土地の売買において地中埋設物が契約不適合責任に問われるケース
土地の売買において、地中埋設物が「契約不適合責任」に問われるケースは、主に以下の状況が考えられます。
契約不適合責任とは
契約不適合責任とは、売買契約で約束された土地の種類、品質、数量が契約内容に適合しない場合に、売主が負う民法上の責任のことです。2020年4月の民法改正以前は「瑕疵担保責任」と呼ばれていました。
地中埋設物が契約不適合責任に問われるケース
地中埋設物は、土地の品質に関する不適合と評価されるため、契約不適合責任の対象となります。特に以下のケースで責任を問われやすいです。
告知義務違反があった場合
売主が地中埋設物の存在を知っていながら、買主に告知せず、契約内容にも明記せずに土地を売却した場合、契約不適合責任を問われます。

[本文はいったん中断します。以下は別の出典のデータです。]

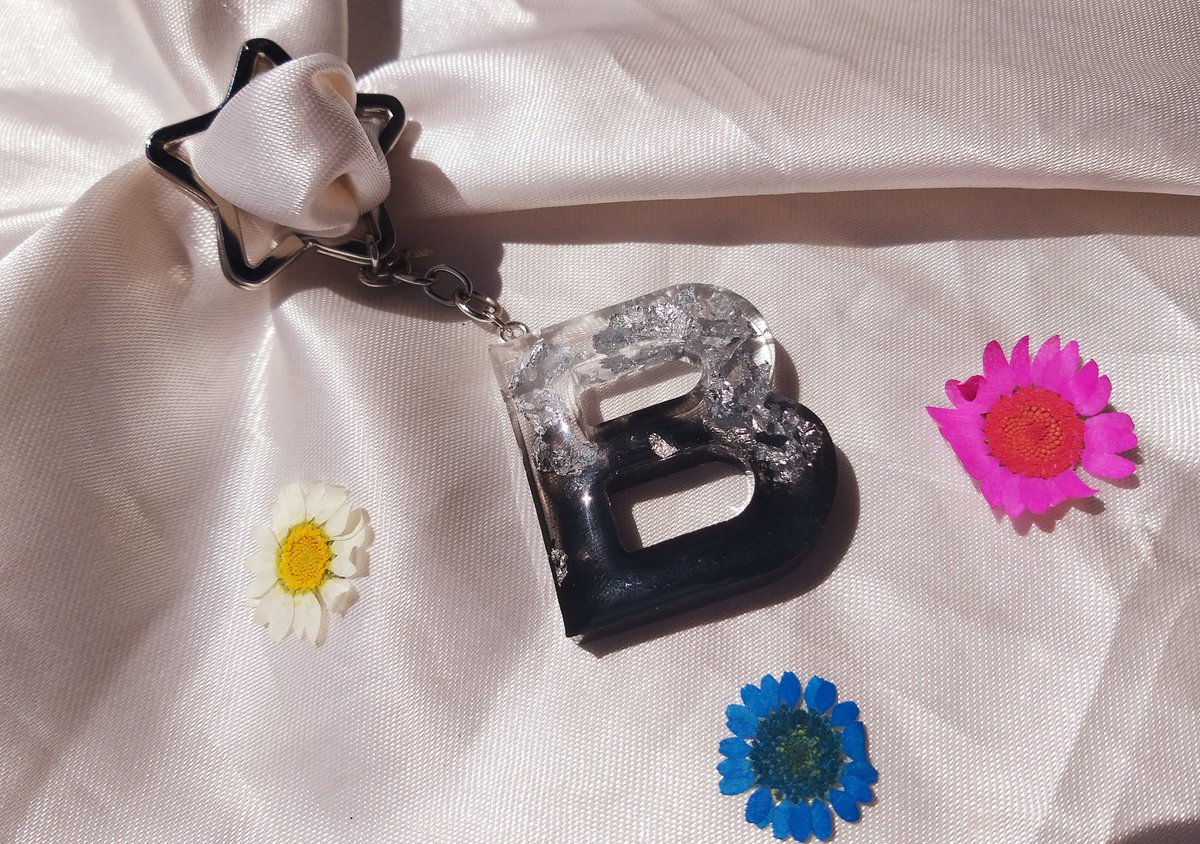 sahintasarimm's tweet photo. Mükemmel ürünler için mesaj atabilirsiniz
.
.
#epoksi #reçine #anahtarlık #daisy #handmade #çiçek #game #sevgili #hediye https://t.co/Td8LU0lANq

引き渡し後にコンクリートガラなどの埋設物が見つかり、買主に損害が生じた裁判例もあります。
土地の利用目的を達成できない場合
買主が、その土地を想定していた内容で利用できない場合や、計画していた建物の建築に支障が出るような地中埋設物(建物の基礎部分、コンクリート片、屋根瓦、古い水道管、浄化槽、井戸など)が存在する場合、売主は契約不適合責任を負う可能性があります。
例えば、地中埋設物の撤去費用や地盤改良費用が追加でかかる場合などが該当します。
ただし、宅地としての利用に支障がないと判断された場合は、契約不適合に該当しないとされた判例もあります。
買主が請求できること
地中埋設物によって契約不適合責任が認められた場合、買主は売主に対して以下の請求ができます。
履行の追完請求: 契約内容に適合するよう、埋設物の撤去や是正工事を要求できます。
代金減額請求: 埋設物の撤去費用相当額など、契約不適合の程度に応じた代金の減額を請求できます。
損害賠償請求: 撤去工事費用など、契約不適合により買主が被った損害の賠償を請求できます。
契約解除: 契約の目的が達成できないほど致命的な不適合がある場合、契約の解除が可能です。
売主の注意点
売主は、契約不適合責任によるトラブルを避けるために、以下の点を考慮することが重要です。
事前の告知と契約書への明記: 売買契約を締結する前に、地中埋設物の有無を買主に告知し、契約書に明記することが最も重要です。
事前の調査と撤去: 売却前に土地調査を行い、地中埋設物が確認された場合は、撤去を検討することも有効な対策です。